Il est des bonheurs singuliers, imprévisibles, lorsqu’on écoute de la musique. Ainsi celui de découvrir, malgré quelques décennies de pratique assidue du répertoire, un musicien, une partition ou une œuvre inconnus. Alors la surprise est grande parce qu’elle met en évidence les lacunes qui sont les nôtres tout en permettant de combler des trous dans la petite histoire de la musique que chacun a construite par devers soi.
Ne serait-ce que concernant la musique pour piano, l’éditeur polonais DUX nous fait découvrir justement tout un mouvement d’histoire du piano de son pays, de Jan Ladislaw Dussek (1760-1812) jusqu’à la moins ignorée Grazyna Bacewicz (1909-1969) en passant par Franciszek Lessel (1780-1838) et Karol Kurpinski (1785-1857) que Tomasz Lupa joue avec force et conviction (on ne s’ennuie jamais, on lève sans cesse la tête pour écouter avec davantage d’attention s’il se peut). Que de différences et de continuités de divers ordres dans ces œuvres, parfois évidentes lorsqu’on rattache l’écoute à l’histoire de la musique que l’on connaît, et plus sous-cutanées, et par conséquent plus intéressantes. La simple écoute et la pensée jouissent de démêler, du moins dans l’espoir d’y parvenir, l’inconnu et la nouveauté qui s’offrent à elles dans cette musique ! Certes, le génie apparaît dans toute son évidence devant la musique encore bien trop peu connue de Grazyna Bacewicz. Dieu merci, on en aura pris connaissance il y a quelques années grâce aux enregistrements de Krystian Zimerman. Et on est heureux d’en connaître davantage encore grâce à Joanna Sochacka qui rend justice à plusieurs partitions, dont la Sonate pour piano n° 2 déjà jouée par Krystian Zimmerman, mais, précisément, on dispose à présent de versants interprétatifs différents (ainsi, on entend dans cette nouvelle version, dans le Largo comme un écho de la sonate de Berg… Ou bien, n’est-ce qu’un effet d’écoute ? Peu importe le plaisir est là et le rapport existe bel et bien dans l’écoute en chacun).

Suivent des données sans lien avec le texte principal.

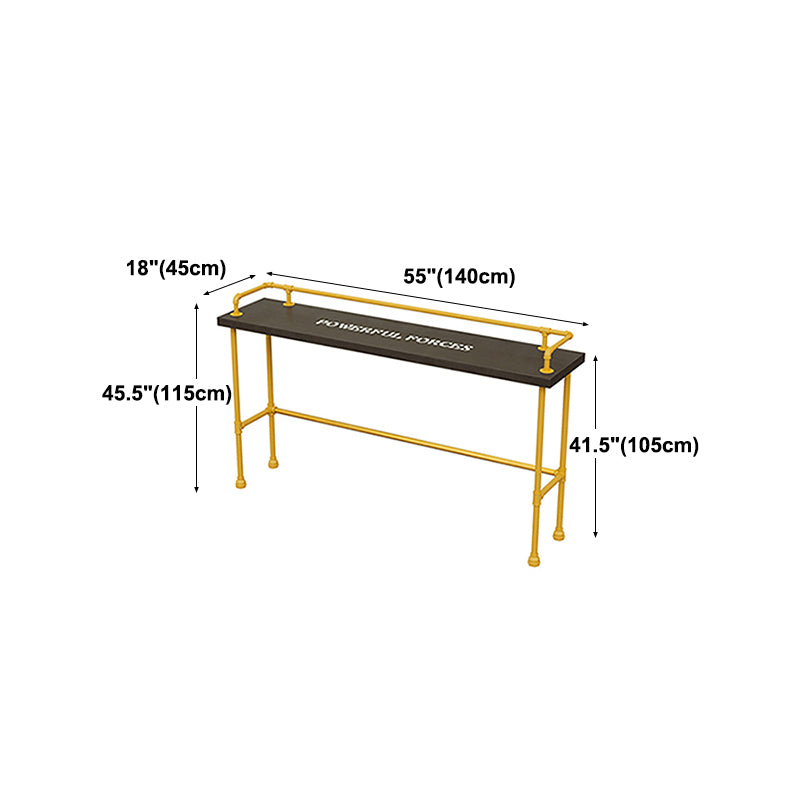 Industrial Black Wood Pub Table with Rectangle Table Top Yellow Trestle Table - 42" H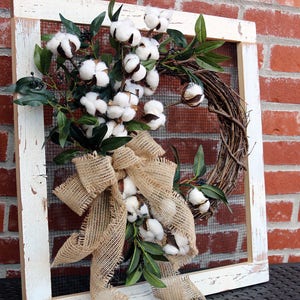 Farmhouse decor, cotton wreath, rustic country, Reclaimed wood frame, Vintage Farmhouse cotton wreath, Rustic Recycled decor, Rustic frame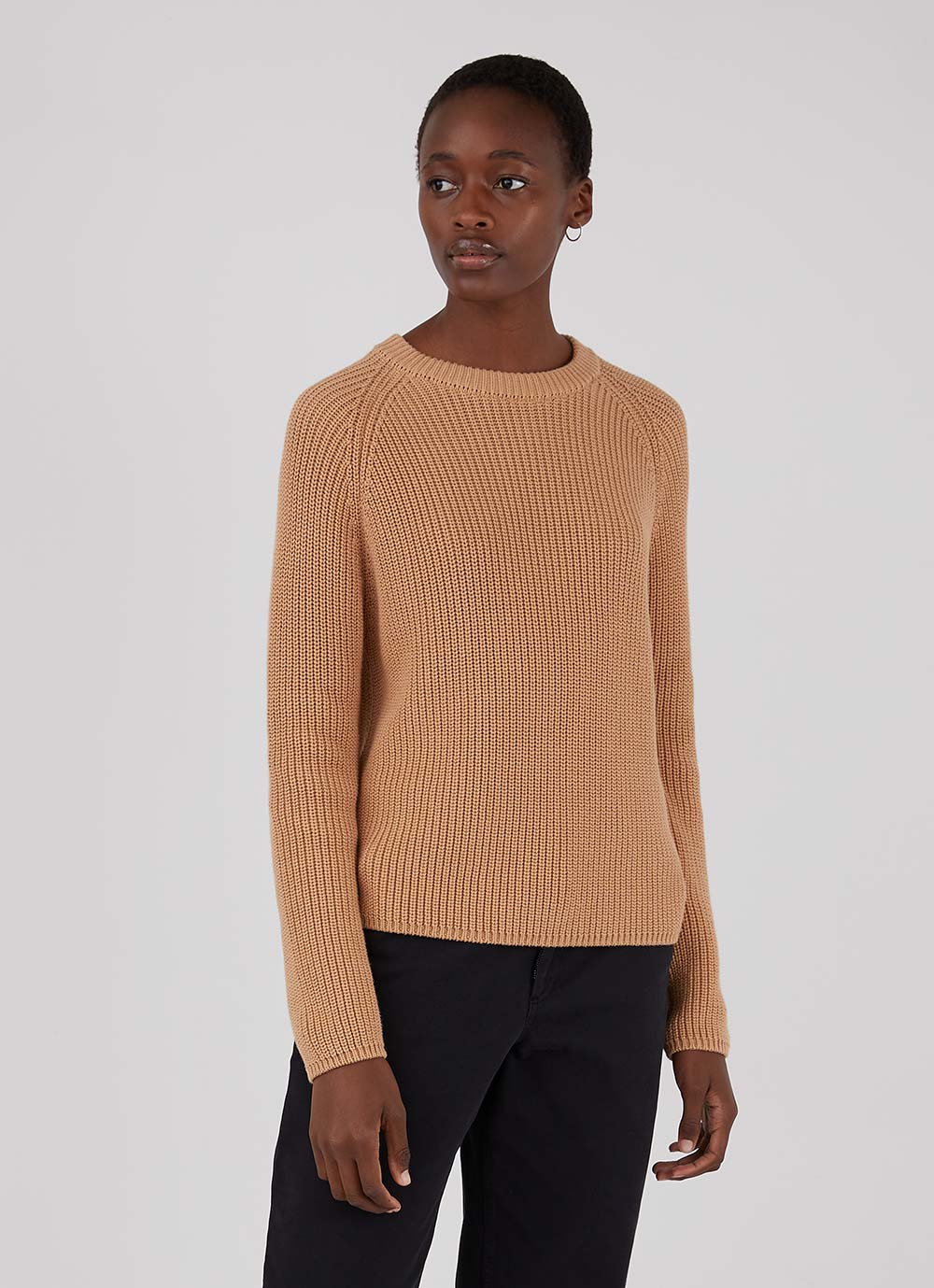 Women's Cotton Boxy Crew Neck Jumper in Toffee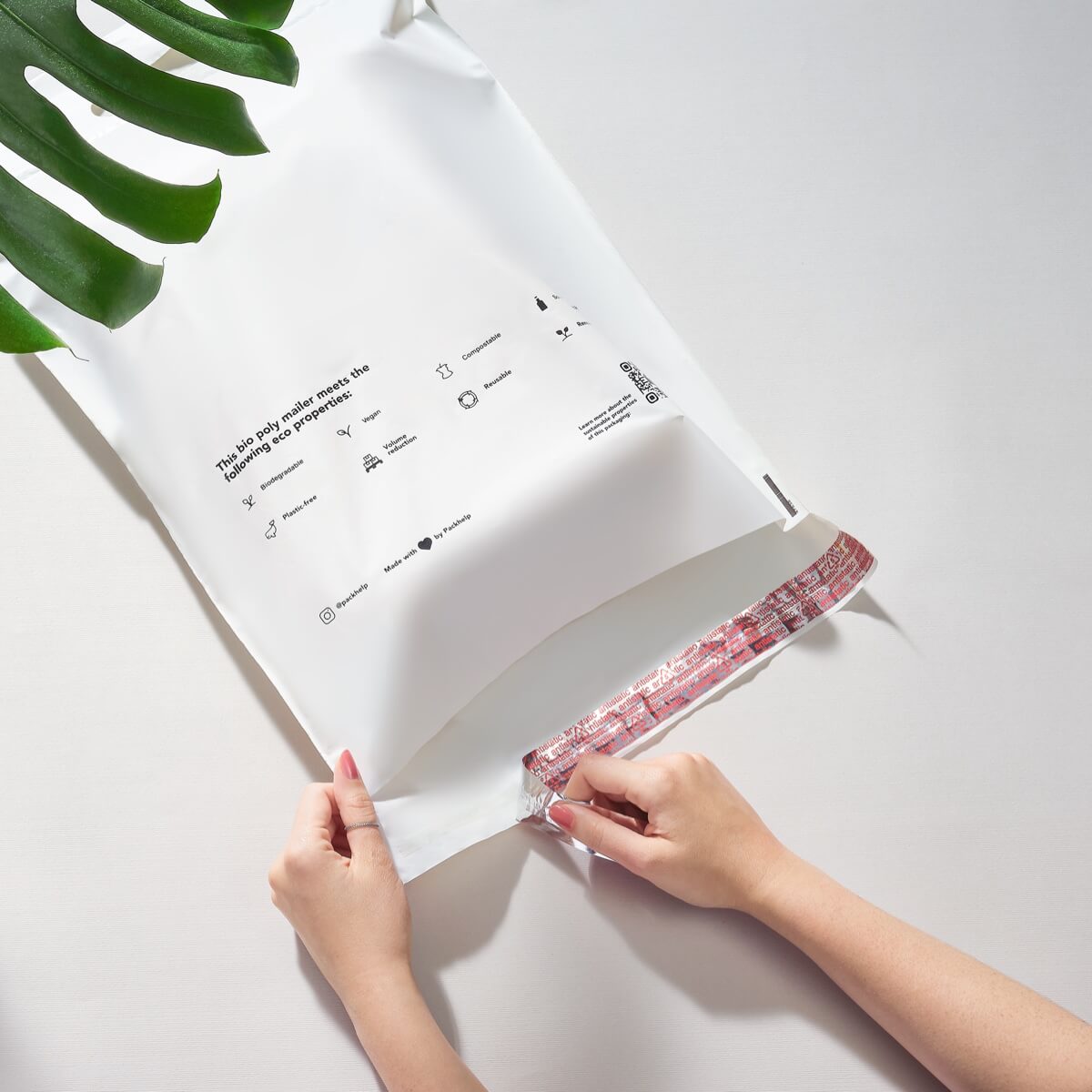pre printed bio poly mailer with adhesive strip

Quant à la musique de Franciszek Lessel, elle ne peut qu’impressionner. Qu’on prête seulement l’oreille à la Polonaise nouvelle en D major de 1821, magnifique, presque grandiose au sens le plus discret des choses, paradoxalement, une musique très originale avec cette note puis cet accord répétés au début de l’œuvre qui ne s’oublient plus, comme un désir d’on ne sait quoi, mais peu importe, on comprend qu’il est essentiel. Quant aux œuvres de Dussek, historiquement les plus anciennes, on plonge dans un flux musical, déjà Sturm und Drang, au moins un élan, une tension et une poussée surtout qui se portent à la fois dans l’histoire de la musique (quelque chose, manifestement attend, attend d’être entendu, en même temps qu’il s’efforce de venir) et dans l’Histoire tout court, l’ère des Révolutions, l’odeur, évidente ici, on la sent et la respire, de la liberté. Haydn, né en 1732 aurait pu être son père. Mozart percera le mur opaque de l’histoire et de la substance de la musique par une liberté encore supérieure. Mais la subjectivité à venir, moderne, est déjà présente. Toute la musique est là, pas tout à fait dépliée, juste déposée et se surprenant elle-même par sa nouveauté et donc encore brouillonne, mais aussi parfois fulgurante comme dans The Sufferings of the Queen lorsque la douleur et la compassion se mêlent avec l’exigence et la poussée de la liberté nouvelle.
La forme : Dussek ignore le silence. Mozart inventera le silence musical, là où Bach savait faire régner le silence tout court. C’est le problème de la ponctuation, du rythme, de la scansion, de l’articulation au sein de l’organisation générale du propos musical qui n’était pas résolu, mais qui était de fait déjà remarquablement posé.
Tout le mérite de ces précieuses découvertes appartient donc au label polonais DUX dont les publications sont on ne peut plus originales, soignées quant aux livrets et surtout prodigues de découvertes musicales, en publiant des partitions absolument indispensables à la connaissance de la musique du passé comme du présent.
On encourage les mélomanes à découvrir ces disques. Ils donneront lieu aux joies incomparables, trop rares, des vraies découvertes.